Start of Block
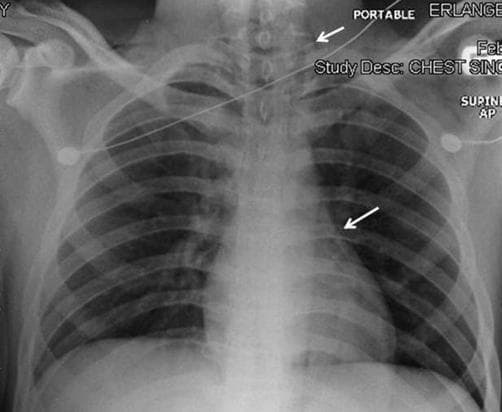 This diagnostic image is an anteroposterior (AP) chest radiograph demonstrating classic signs of barotrauma or air leak. The primary findings include subcutaneous emphysema and pneumomediastinum. Radiographically, subcutaneous emphysema is visible as linear and mottled streaks of air (radiolucency) within the soft tissues of the neck and supraclavicular regions, indicated by the upper arrow. Additionally, the lower arrow highlights pneumomediastinum, characterized by a thin, vertically oriented radiolucent line or gas stripe outlining the left cardiac border and mediastinal pleura. This 'continuous diaphragm sign' or 'spinnaker sail' equivalent suggests free air tracking within the mediastinal space. The clinical context involves a patient with diabetic ketoacidosis (DKA) and Kussmaul respirations, which can lead to alveolar rupture (Macklin effect) and subsequent air dissection. This image is an essential educational resource for identifying extra-alveolar air in pulmonary and emergency medicine.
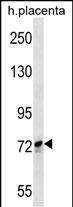 SCYL1 (N-term)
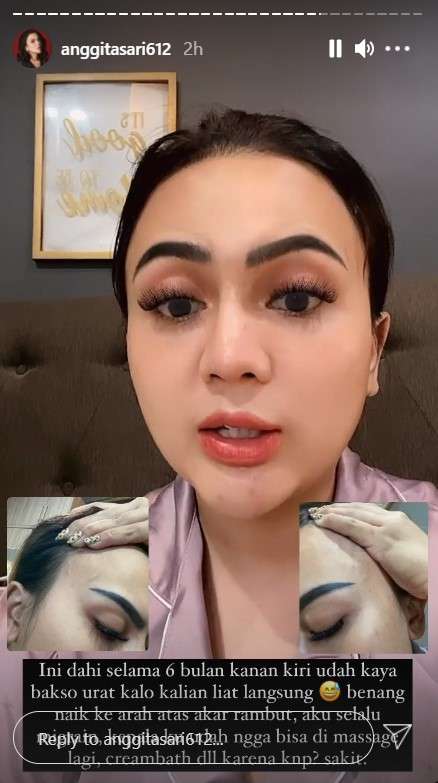 Klarifikasi Anggita Sari soal Malapraktek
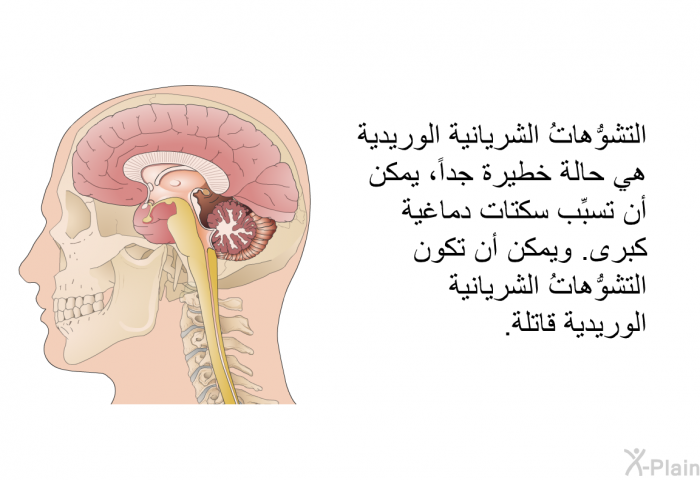 التشوُّهاتُ الشريانية الوريدية هي حالة خطيرة جداً، يمكن أن تسبِّب سكتات دماغية كبرى. ويمكن أن تكون التشوُّهاتُ الشريانية الوريدية قاتلة.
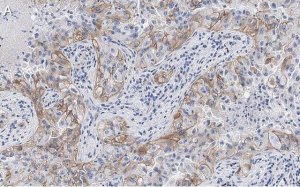 Anti-Integrin V3 Antibody, clone EM22703 ZooMAb� Rabbit Monoclonal 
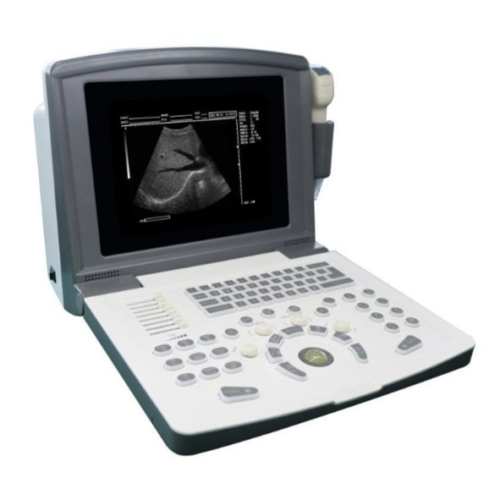 Portable Ultrasound Machine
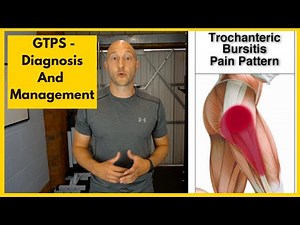 Greater Trochanteric Pain Syndrome Diagnosis and Treatment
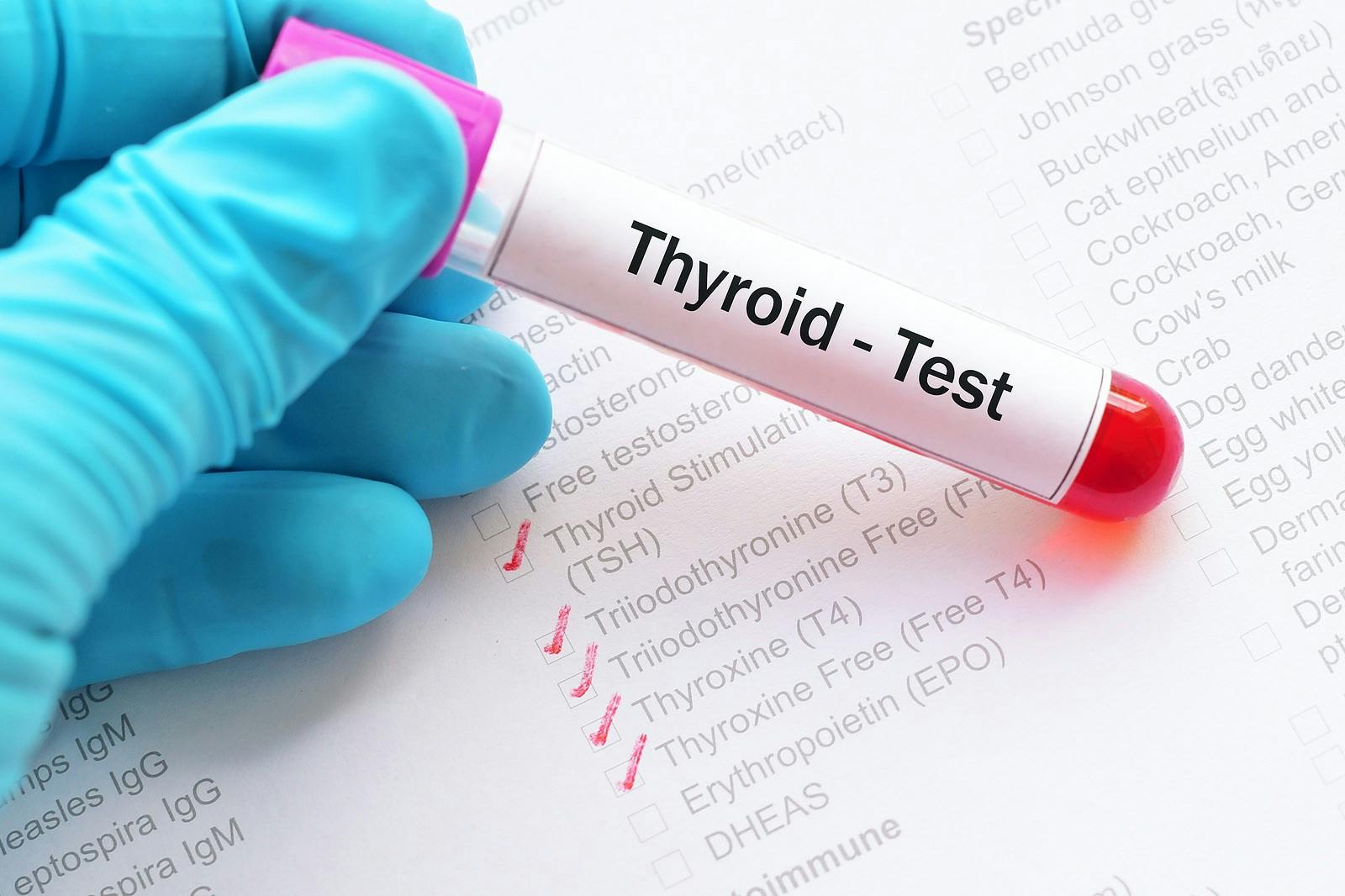 Thyroid test tube. Will levothyroxine alone normalize thyroid function?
End of Block
Copy the lines above exactly. Do not include pictures.

--- ANSWER SPACE ---
 This diagnostic image is an anteroposterior (AP) chest radiograph demonstrating classic signs of barotrauma or air leak. The primary findings include subcutaneous emphysema and pneumomediastinum. Radiographically, subcutaneous emphysema is visible as linear and mottled streaks of air (radiolucency) within the soft tissues of the neck and supraclavicular regions, indicated by the upper arrow. Additionally, the lower arrow highlights pneumomediastinum, characterized by a thin, vertically oriented radiolucent line or gas stripe outlining the left cardiac border and mediastinal pleura. This 'continuous diaphragm sign' or 'spinnaker sail' equivalent suggests free air tracking within the mediastinal space. The clinical context involves a patient with diabetic ketoacidosis (DKA) and Kussmaul respirations, which can lead to alveolar rupture (Macklin effect) and subsequent air dissection. This image is an essential educational resource for identifying extra-alveolar air in pulmonary and emergency medicine.
 SCYL1 (N-term)
 Klarifikasi Anggita Sari soal Malapraktek
 التشوُّهاتُ الشريانية الوريدية هي حالة خطيرة جداً، يمكن أن تسبِّب سكتات دماغية كبرى. ويمكن أن تكون التشوُّهاتُ الشريانية الوريدية قاتلة.
 Anti-Integrin V3 Antibody, clone EM22703 ZooMAb� Rabbit Monoclonal 
 Portable Ultrasound Machine
 Greater Trochanteric Pain Syndrome Diagnosis and Treatment
 Thyroid test tube. Will levothyroxine alone normalize thyroid function?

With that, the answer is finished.